Acquiring D2C brands has also helped Nestlé to learn new working methods. “A lot of great start-ups have created businesses based on different premises from those of the traditional industry. Bringing in this new mindset adds value to the operation,” she says.
But the acquisitive approach isn’t for every big player, of course. Doing D2C in-house makes more sense for Reckitt, for example. The owner of brands such as Durex and Cillit Bang has seen a 21% increase in its ecommerce sales in the UK over the past year. While he acknowledges that looking outside the business could be an option, Reckitt’s UK ecommerce director, Tom Price, believes that his firm is already well capable of reacting to changes in the market and developing new projects itself.
“We can actually get from idea to creation within six months,” he says, pointing to the etail site that Reckitt created for dishwashing brand Finish at the end of 2020.
The data that’s gathered through the website helps to inform Reckitt’s consumer marketing campaigns for Finish, as well as those aimed at retailers.
“We can now understand what bundles work together and what don’t, what price points to hit and when people are doing most of their shopping. That’s all super rich data for us,” says Price, who adds that consumers tend to spend more when buying a bundle of products that are delivered direct.
Huib van Bockel, a former marketing executive at Red Bull and Unilever, started drinks business Tenzing Natural Energy in 2016, selling via retailers to start with. Since he started using the D2C channel about 18 months ago, Tenzing’s ecommerce sales have rocketed, and van Bockel has had to expand his team to help field the queries that come in directly from shoppers.
He believes that it’s “wise” of larger companies to buy up D2C brands, noting that “real innovation usually comes from the outside”. He does also detect a fear of missing out among some acquirers, which is driving their investments.
These larger players often have substantial deals in place with retailers such as Walmart or Tesco, so any decision to start selling a long-established brand directly to consumers might create conflicts with these powerful supermarket chains. Either starting their own D2C brand from scratch or acquiring one can help them to avoid such a clash, Pakman notes.
The risk of falling out with a retail giant has not been a concern for van Bockel, who believes that the two channels can be complementary rather than competitive. “Say you subscribe to Tenzing and have a couple of cans in your fridge. If you’re then out in a shop, you’re more likely to get one there as well,” he argues.

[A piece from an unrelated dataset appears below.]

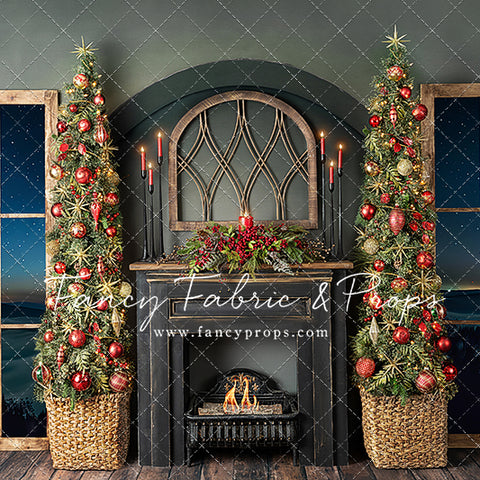 Elegant Fireplace Overlook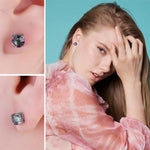 Natural Mystic Rainbow Topaz Earrings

Now that many of the big players are getting their ecommerce affairs in order, their future D2C acquisitions may be more about the product than the channel, Pakman suggests.
“There was a time for Dollar Shave Club and others to exploit the weakness of the incumbents in using this new channel,” he says. “But, now that things have equalised a little, we’re really going back to being interested in the product, how differentiated it is and how under-served the market is.”